Mi siedo tra i turisti ben vestiti ed asciutti, profumati e festanti. Tutti raccontano della tempesta a cui hanno assistito da dietro i vetri dell’albergo. Tento di raccontare il dramma degli uomini, a qualche km da qui, ma non interessa a nessuno. Mi interrompono spesso per parlare d’altro. Non ho fame, mi alzo ed esco. Ho bisogno di aria pulita, di quella che respiro nel deserto…………………………
Aggiornamento del 1/4/2012
Ho trovato un articolo che riporto su una simulazione di un atterraggio su marte.Guarda un po dove lo hanno orgnizzato? Proprio nell'Hammada Rbat...mi sembrava, in effetti, di essere su Marte..
L'articolo:
Mentre Curiosity, a spasso sul suolo marziano dallo scorso agosto, è a caccia di forme di vita sul Pianeta rosso, in Marocco, nei pressi di Erfoud, un team di ricercatori internazionali è impegnato in Mars2013, la simulazione di un atterraggio su Marte da parte di un equipaggio umano, con tanto di test su comunicazioni e tute spaziali e, ovviamente, esperimenti scientifici. Fino al prossimo 28 febbraio infatti il deserto marocchino sarà l'anologo terrestre di Marte, ospitando gli scienziati della missione della Austrian Space Forum (OeWF), provenienti da 23 diverse nazioni.
Punti chiave della simulazione (che segue quella del viaggio di andata e ritorno su Marte di Mars500) sono: addestramento con speciali tute spaziali per l'esecuzione degli esperimenti su un pianeta con diverse condizioni, prova di nuove tecniche di rilevamento geofisico e biologico e studio approfondito del deserto sahariano per prendere confidenza con gli analoghi deserti marziani e i corrispettivi ambienti estremi.
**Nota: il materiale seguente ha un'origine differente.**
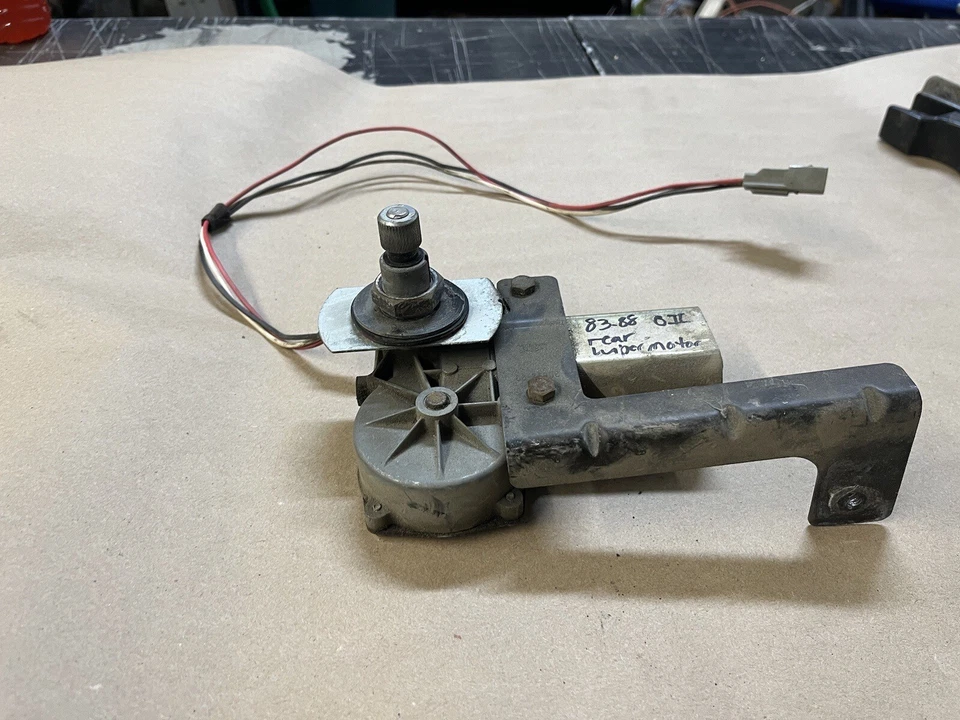 Ford Bronco II 1983-1988 puerta levadiza motor 83-88 Foto 2 de 3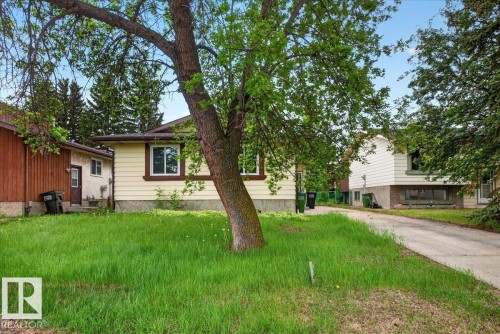 9915 173 Avenue, Edmonton, AB 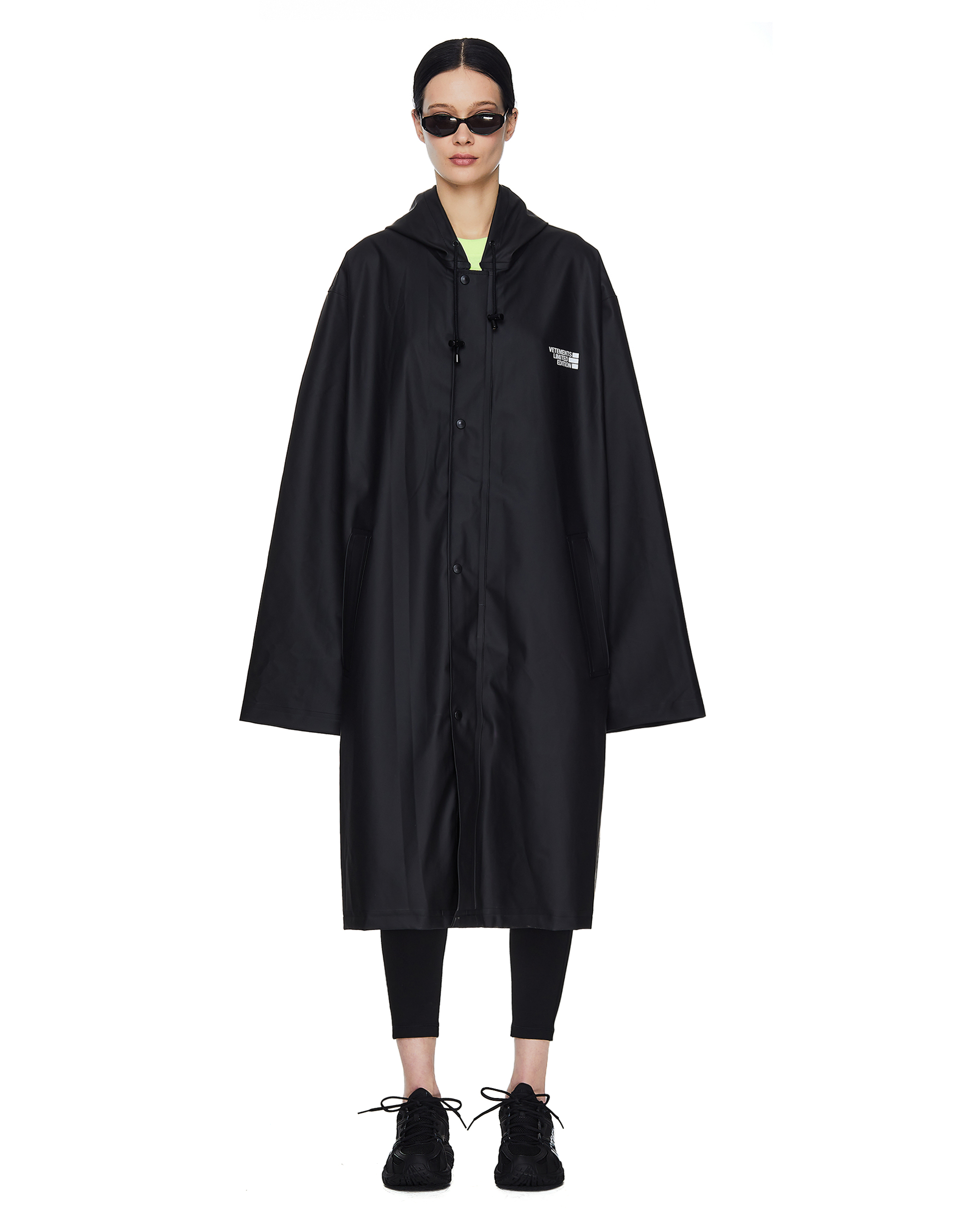 Черный дождевик с принтом Limited Edition - Vetements  UE51CO100B/1304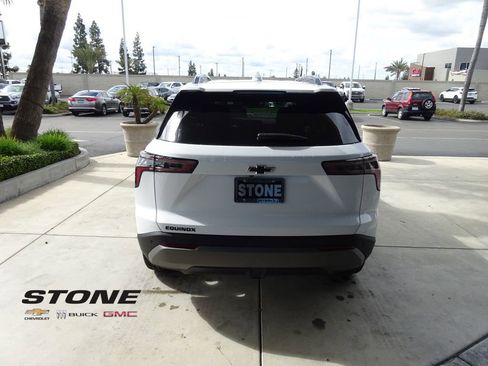 New 2026 Chevrolet Equinox LT w/ Midnight Edition image 7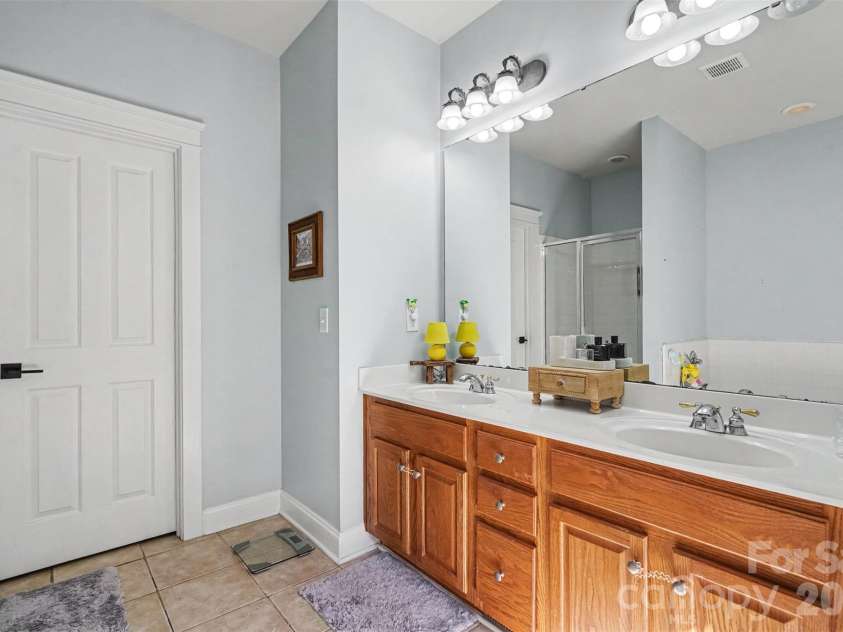 5809 Mantario Drive, Charlotte, NC 28269.  MLS# CAR4430751, YatesRealty ID 55610.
Tutto per preparare un potenziale equipaggio ad un viaggio di successo e sicuro verso il pianeta marziano.
Così, tra gli esperimenti in programma c'è il test di piccoli e leggeri quad come nuovi sistemi di locomozione sul suolo marziano, insieme a nuovi rover semiautonomi, un dispositivo laser per rivelare tracce biologiche, un sistema di imaging ad alta risoluzione e un metodo per la perforazione del terreno.
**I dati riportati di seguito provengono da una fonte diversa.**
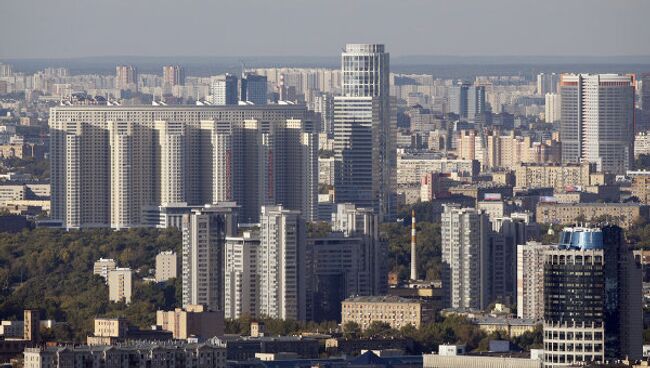 Вид на Москву с верхнего этажа МГУ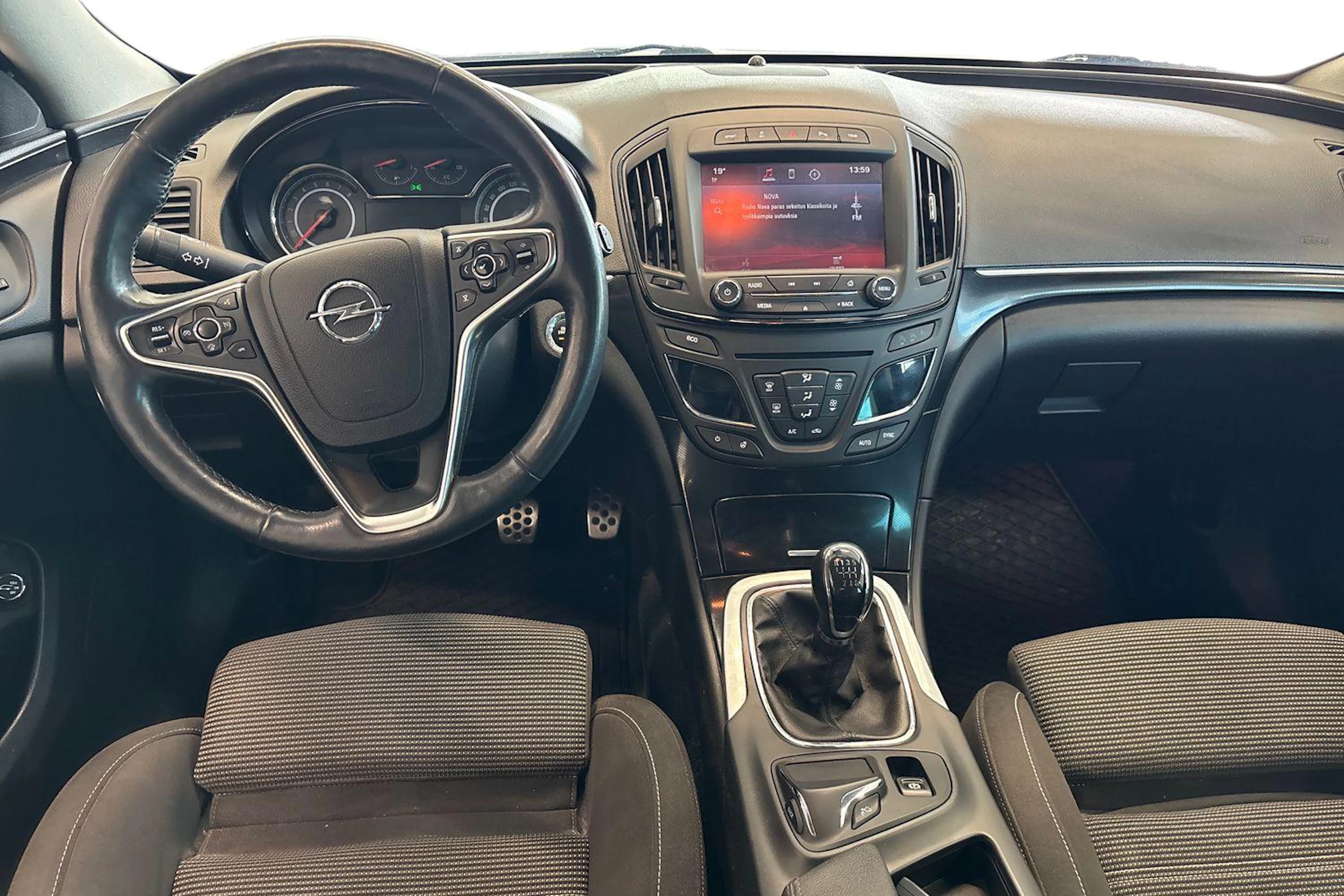 Valkoinen Opel Insignia 2015 kuva 9.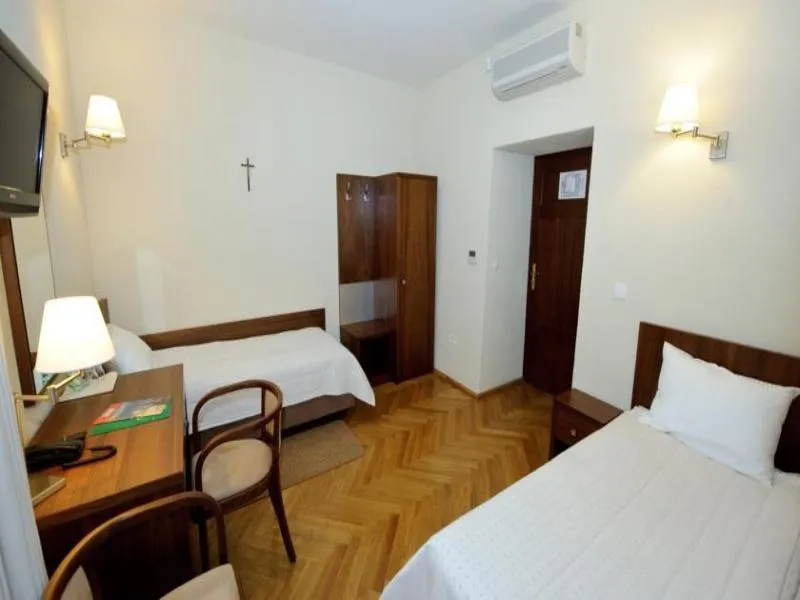 Double or Twin STANDARD Room, Hotel Swietego Norberta, Krakow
Parte integrante della missione però sarà anche il test sulle comunicazioni: “Durante Mars2013 un ritardo di dieci minuti sarà embeddato nelle comunicazioni tra Innsbruck (Terra) e Marocco (Marte), che è decisivo per il successo della simulazione su Marte e ci permetterà di imparare molto”, ha spiegato Alexander Soucek, a capo della centro di controllo in Austria: “al momento la simulazione in Marocco è l'unica al mondo che incorpora un ritardo di tempo.
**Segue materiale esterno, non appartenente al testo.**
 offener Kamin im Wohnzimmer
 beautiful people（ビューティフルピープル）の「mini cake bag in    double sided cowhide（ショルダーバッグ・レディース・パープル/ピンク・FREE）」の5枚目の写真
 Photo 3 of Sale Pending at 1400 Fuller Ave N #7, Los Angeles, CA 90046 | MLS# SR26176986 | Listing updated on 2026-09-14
Quello impiegato per una trasmissione a senso unico è di dieci minuti, che significa ricevere una risposta a una domanda dal team su Marte in circa 20 minuti”. Tra Marte e la Terra, quelli reali, infatti il tempo impiegato dalle onde elettromagnetiche per viaggiare da un pianeta all'altro può arrivare fino a 22 minuti, concludono gli scienziati.